** SUPPLIED DATA follows **

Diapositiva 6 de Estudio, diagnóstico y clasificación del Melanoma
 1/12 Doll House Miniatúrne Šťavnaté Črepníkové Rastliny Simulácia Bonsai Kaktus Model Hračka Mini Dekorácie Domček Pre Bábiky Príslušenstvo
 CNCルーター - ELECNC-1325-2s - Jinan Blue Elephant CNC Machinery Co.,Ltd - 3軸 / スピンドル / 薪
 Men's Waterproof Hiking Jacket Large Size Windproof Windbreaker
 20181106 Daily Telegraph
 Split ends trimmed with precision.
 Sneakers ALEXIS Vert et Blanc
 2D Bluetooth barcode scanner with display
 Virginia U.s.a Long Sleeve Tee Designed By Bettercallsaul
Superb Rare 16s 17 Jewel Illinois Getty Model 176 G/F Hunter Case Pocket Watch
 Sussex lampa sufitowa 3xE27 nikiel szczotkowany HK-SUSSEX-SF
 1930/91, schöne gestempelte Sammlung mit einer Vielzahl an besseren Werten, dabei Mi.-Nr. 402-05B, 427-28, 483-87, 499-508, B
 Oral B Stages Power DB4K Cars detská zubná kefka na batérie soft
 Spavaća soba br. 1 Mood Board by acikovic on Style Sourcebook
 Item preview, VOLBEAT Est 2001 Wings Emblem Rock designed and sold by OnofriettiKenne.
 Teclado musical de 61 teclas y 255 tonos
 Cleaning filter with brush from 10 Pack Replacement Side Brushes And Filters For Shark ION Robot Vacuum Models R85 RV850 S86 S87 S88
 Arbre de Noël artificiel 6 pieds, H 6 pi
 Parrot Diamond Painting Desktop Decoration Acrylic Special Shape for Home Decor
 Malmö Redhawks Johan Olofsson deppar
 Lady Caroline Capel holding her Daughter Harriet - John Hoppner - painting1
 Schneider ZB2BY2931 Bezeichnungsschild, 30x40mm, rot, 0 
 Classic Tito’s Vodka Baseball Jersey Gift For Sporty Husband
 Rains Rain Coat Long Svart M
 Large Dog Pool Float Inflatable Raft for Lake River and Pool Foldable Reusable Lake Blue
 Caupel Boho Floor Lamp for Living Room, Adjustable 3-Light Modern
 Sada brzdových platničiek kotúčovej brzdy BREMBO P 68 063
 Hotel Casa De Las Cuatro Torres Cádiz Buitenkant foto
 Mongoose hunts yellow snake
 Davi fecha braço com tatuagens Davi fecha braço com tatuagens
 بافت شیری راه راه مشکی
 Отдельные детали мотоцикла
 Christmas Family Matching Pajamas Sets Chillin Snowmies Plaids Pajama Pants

** End of SUPPLIED DATA **

Exact copies of the lines from the start of the data up to the line holding "1/12 Doll House", both included, are all that is needed.

Diapositiva 6 de Estudio, diagnóstico y clasificación del Melanoma
 1/12 Doll House Miniatúrne Šťavnaté Črepníkové Rastliny Simulácia Bonsai Kaktus Model Hračka Mini Dekorácie Domček Pre Bábiky Príslušenstvo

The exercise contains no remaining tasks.